The threat to adjudicate had been made on 20 March 2015. The parties then exchanged correspondence. By 13 April, Enelco had withdrawn its threat. It also said it would not take part in any Part 8 proceedings related to the section 106 residential occupier point. It considered it to be a waste of time and costs and, instead, proposed that the parties litigate the termination/repudiatory breach issue.
The Gotchs’ clearly disagreed with Enelco as they issued their Part 8 application on 16 April. When the application came before Edwards-Stuart J, he refused to issue directions, instead calling for a CMC to “consider the way forward”. That way is for the Part 8 proceedings to become Part 7 proceedings, and to proceed as any case would through the TCC to trial.
No declaratory relief
Pausing there, it surprised me that the question of whether the residential occupier exception applied was not dealt with. I have often written about parties’ applications for declaratory relief and it has always been my view that it is a useful way of having an issue finally determined. After all, the alternative is for the parties to have their adjudication, only for the issue to rear its head on enforcement.
Here, even if Enelco was not keen to adjudicate in April, what happens if it changes its mind? Parties do change their minds, particularly when they want to use adjudication as a negotiating tool.
The “menace that lies behind any threat to adjudicate”
…and that leads me back to Edwards-Stuart J’s judgment. He too was concerned about the threat of adjudication as a negotiation tactic. He:
- Noted that the issue about the right to adjudicate was effectively a procedural one.
- Said that Enelco was not being deprived of a substantial remedy, but was being deprived of the possibility of obtaining a temporarily binding decision that could be subsequently reversed (or confirmed) in litigation.
But he went further:
“I am quite satisfied that [Enelco]’s threat of adjudication was a negotiating tactic. Financially, adjudication would not achieve a better outcome for [Enelco] than litigation because, unlike litigation, the adjudicator would have had no power to make the loser pay the winner’s costs. Any recovery by [Enelco], therefore, would always be reduced by its own costs of pursuing the referral. But the other side of this coin is that [Enelco] would have taken no risk of having to pay the [Gotchs]’ costs were it to lose. Consequently in any settlement negotiations this would have made it worth the [Gotchs] while to accept some reduction in their claim to buy off the prospect of having to pay their own costs of any referral to adjudication even if they were successful. That is a menace that lies behind any threat to adjudicate.”

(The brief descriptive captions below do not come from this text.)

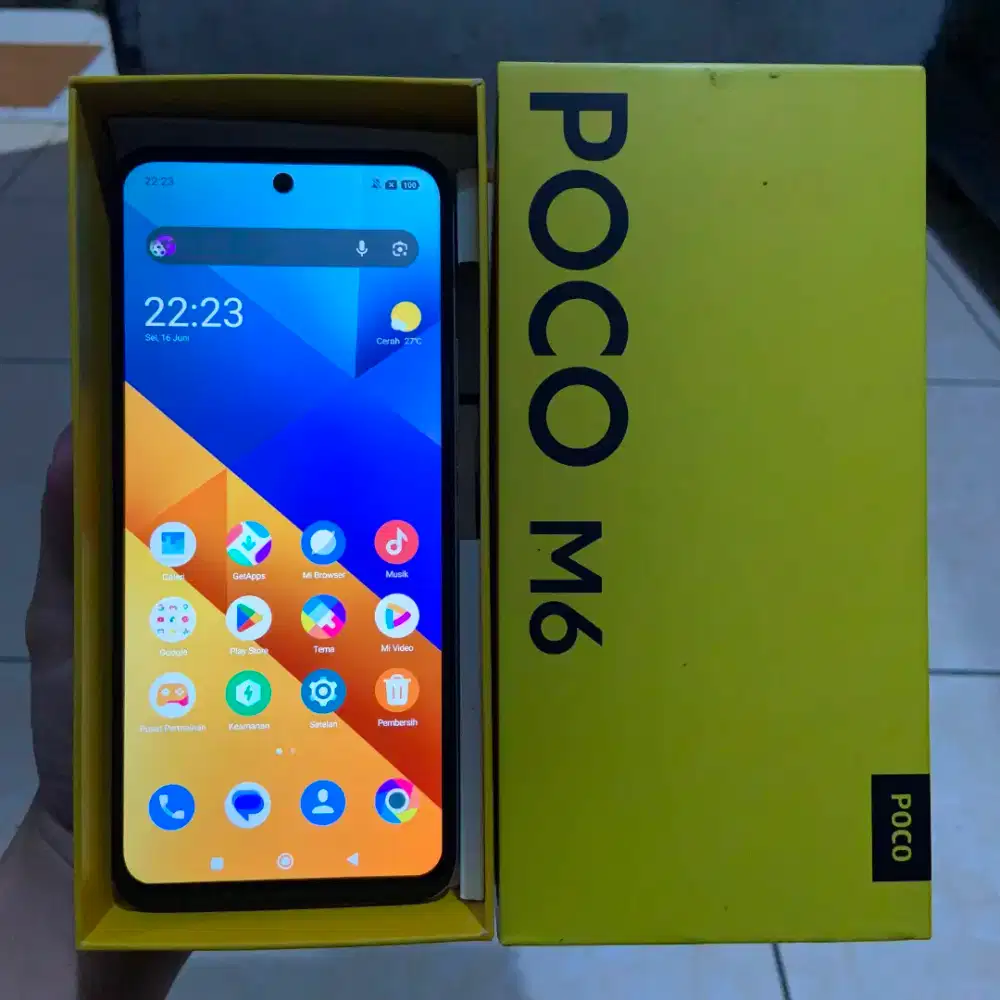 POCO M6 4G 8/256 FULLSET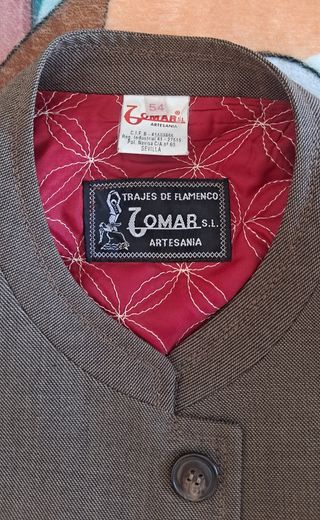 Traje de corto beige y marrón, rayas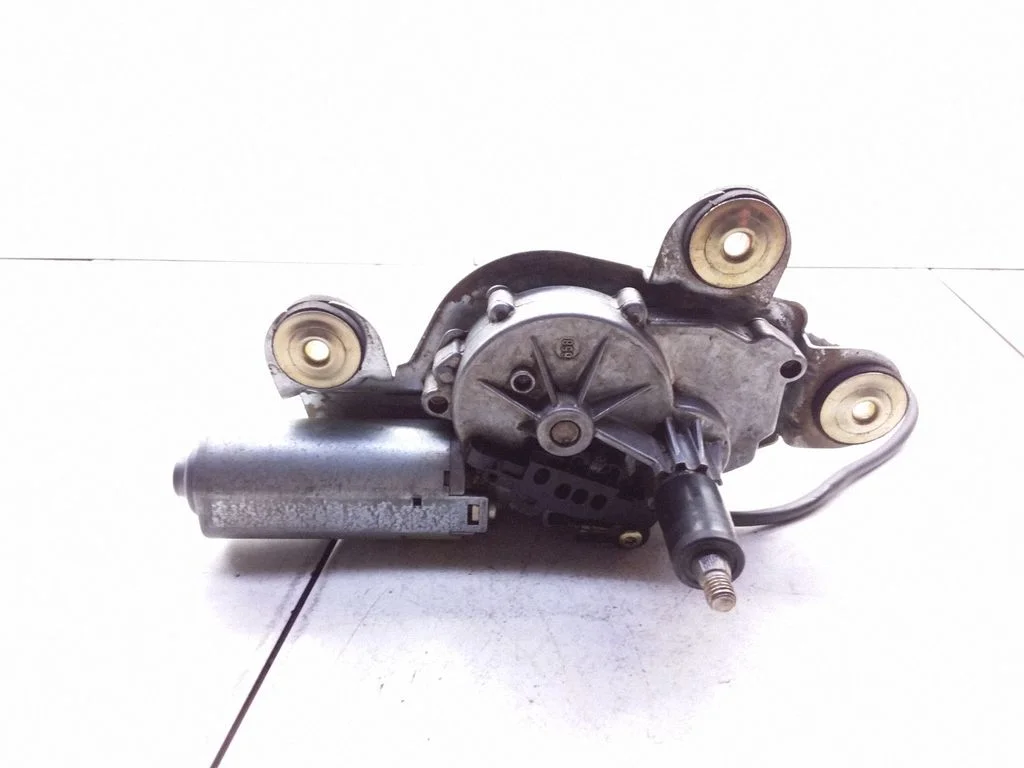 Aizmugurējā stikla tīrītāja motoriņš 97BG17K441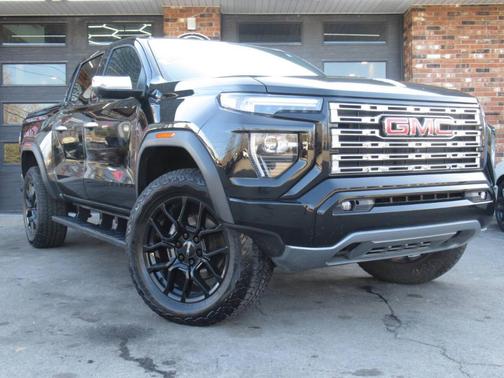 2023 GMC Canyon Denali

The reference to “menace” made me think of Reservoir dogs, and a track from the film, “I Gotcha“.
One thought on “The “menace that lies behind any threat to adjudicate” and section 106”

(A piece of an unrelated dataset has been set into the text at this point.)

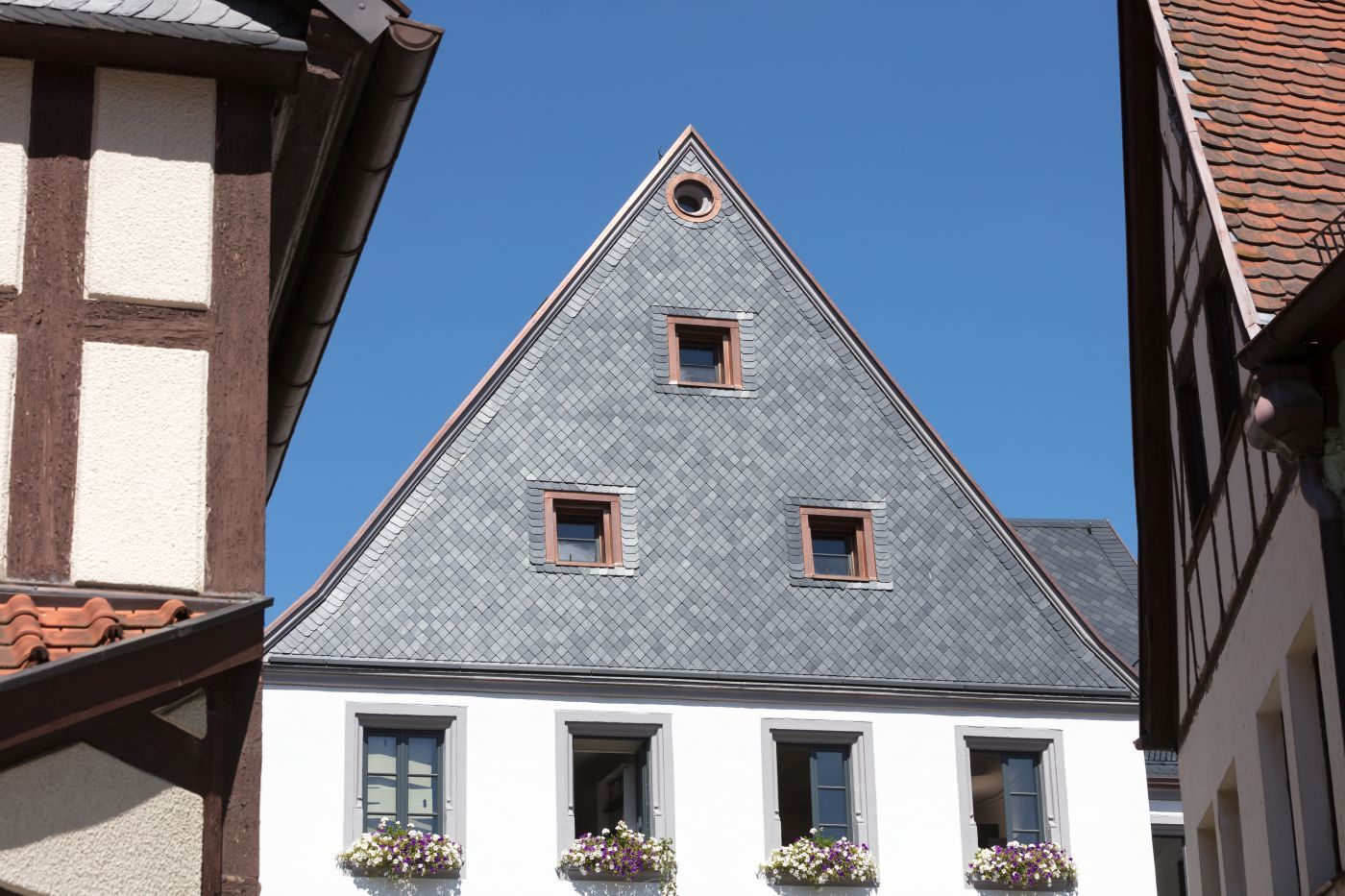 Сланцевая плитка Rathscheck остроугольная кладка, 21х13, ≥60°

Matt may have suggested this judgment would be referred to, and we have already seen the first example of that.
In GSK Project Management Ltd v QPR Holdings Ltd  EWHC 2274 (TCC), Stuart-Smith J repeated and adopted Edwards-Stuart J’s observations. This was in the context of a hearing to consider the claimant’s costs budget, which the court noted was “grossly excessive, being overstated by almost 100%”, and which it reduced from some £824,000 to just under £423,000.